Le 24 juillet 1942, Micheline Teichler part avec son père et un passeur, censé leur faire traverser la ligne de démarcation, alors non loin d'Amiens. Les Teichler sont juifs. Depuis 1940, ils subissent des brimades parce que juifs. Puis, ils porteront l'étoile jaune, celle que son copain de classe Edgar Leser garde encore avec lui, enveloppée dans un plastique et rangée dans son portefeuille.
« La mère de Micheline et sa soeur devaient partir plus tard », raconte Edgar Leser. Mais le forain qui se disait passeur a emmené Micheline, son père et quelques autres personnes « directement à la prison de Loos. Puis, il est revenu à Lille tranquillement ». Micheline et son père sont transférés à Malines, en Belgique, le site belge qui sait office de « camp de triage ». Ils partiront pour Auschwitz par le convoi parti de Malines le 4 août 1942. « Micheline a été gazée à son arrivée. Son père a subi le même sort. » Edgar Leser se tait, un peu perdu dans ses souvenirs dont on mesure combien ils ont dû écraser sa vie de rescapé. Lui, il a été un enfant caché, pris en charge par l'abbé Stahl qui s'occupait de foyers pour « enfants moralement abandonnés ». Son père était allé le trouver, après avoir vainement demandé de l'aide à l'Évêché de Lille. On était alors peu de temps après les rafles de septembre 1942. « Elles concernaient les juifs étrangers ou apatrides.

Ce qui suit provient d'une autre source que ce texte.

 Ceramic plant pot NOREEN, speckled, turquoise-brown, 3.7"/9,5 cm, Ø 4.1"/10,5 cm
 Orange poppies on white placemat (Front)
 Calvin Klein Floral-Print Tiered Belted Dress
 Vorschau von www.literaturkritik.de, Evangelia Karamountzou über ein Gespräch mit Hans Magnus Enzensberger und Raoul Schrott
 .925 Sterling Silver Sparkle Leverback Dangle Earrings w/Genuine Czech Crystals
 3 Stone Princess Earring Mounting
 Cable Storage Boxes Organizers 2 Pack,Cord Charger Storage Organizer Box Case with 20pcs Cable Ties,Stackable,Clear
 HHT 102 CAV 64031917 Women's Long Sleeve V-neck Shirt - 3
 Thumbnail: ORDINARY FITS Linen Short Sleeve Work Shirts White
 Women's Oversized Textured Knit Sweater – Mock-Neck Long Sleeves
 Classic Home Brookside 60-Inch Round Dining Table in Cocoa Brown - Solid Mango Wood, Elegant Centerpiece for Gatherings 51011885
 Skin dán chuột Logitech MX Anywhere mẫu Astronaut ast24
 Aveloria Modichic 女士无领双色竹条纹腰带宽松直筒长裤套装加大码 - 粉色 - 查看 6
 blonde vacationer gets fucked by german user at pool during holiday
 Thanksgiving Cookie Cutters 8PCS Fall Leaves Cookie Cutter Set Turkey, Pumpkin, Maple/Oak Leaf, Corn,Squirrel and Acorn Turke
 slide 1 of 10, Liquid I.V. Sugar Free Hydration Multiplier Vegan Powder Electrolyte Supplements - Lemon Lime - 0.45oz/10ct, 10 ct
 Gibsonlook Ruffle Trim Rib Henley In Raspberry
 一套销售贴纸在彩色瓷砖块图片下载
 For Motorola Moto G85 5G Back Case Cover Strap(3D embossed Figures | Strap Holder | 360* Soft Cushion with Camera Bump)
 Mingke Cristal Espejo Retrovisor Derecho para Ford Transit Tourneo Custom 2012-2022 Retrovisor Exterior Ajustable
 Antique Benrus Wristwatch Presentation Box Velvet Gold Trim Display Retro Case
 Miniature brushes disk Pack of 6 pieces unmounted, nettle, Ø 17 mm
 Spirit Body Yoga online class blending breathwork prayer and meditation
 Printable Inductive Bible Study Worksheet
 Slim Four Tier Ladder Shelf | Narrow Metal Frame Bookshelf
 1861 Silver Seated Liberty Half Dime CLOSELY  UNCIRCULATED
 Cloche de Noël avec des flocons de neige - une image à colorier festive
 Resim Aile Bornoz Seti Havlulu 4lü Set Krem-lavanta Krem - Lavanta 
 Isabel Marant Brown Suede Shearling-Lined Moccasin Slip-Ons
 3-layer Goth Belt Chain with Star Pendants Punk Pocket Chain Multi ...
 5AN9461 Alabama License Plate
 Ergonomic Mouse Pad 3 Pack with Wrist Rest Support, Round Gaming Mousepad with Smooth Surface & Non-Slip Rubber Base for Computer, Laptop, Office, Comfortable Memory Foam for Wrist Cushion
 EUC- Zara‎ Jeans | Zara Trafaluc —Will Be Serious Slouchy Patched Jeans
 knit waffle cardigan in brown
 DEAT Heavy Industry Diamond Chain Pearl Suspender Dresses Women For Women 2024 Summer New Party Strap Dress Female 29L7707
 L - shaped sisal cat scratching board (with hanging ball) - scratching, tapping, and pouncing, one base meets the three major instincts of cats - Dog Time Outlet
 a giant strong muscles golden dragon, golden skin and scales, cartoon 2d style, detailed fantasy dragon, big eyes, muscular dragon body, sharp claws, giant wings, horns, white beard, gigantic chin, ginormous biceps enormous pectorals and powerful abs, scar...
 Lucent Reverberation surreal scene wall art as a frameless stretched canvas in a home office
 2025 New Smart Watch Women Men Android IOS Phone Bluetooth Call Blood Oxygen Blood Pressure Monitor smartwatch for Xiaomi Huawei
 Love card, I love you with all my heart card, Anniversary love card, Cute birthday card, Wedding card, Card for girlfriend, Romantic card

Mon père, qui s'est retrouvé à la tête d'un groupement de résistance dès ce moment-là avec d'autres juifs, des catholiques, des protestants, des libres-penseurs, s'est retrouvé avec 40 enfants sur les bras. Il fallait trouver une solution, les cacher. » La plupart d'entre eux avaient pu fuir grâce à des cheminots, « qui ont garé un train vide sur la contre-voie à la gare de Fives, à côté du train qui devait les emmener. Peut-être que plus d'enfants auraient pu être sauvés ce jour-là, mais ce ne devait pas être facile, pour les parents, de se séparer de leurs enfants. Et on ne savait pas à l'époque ce qui se passait après ».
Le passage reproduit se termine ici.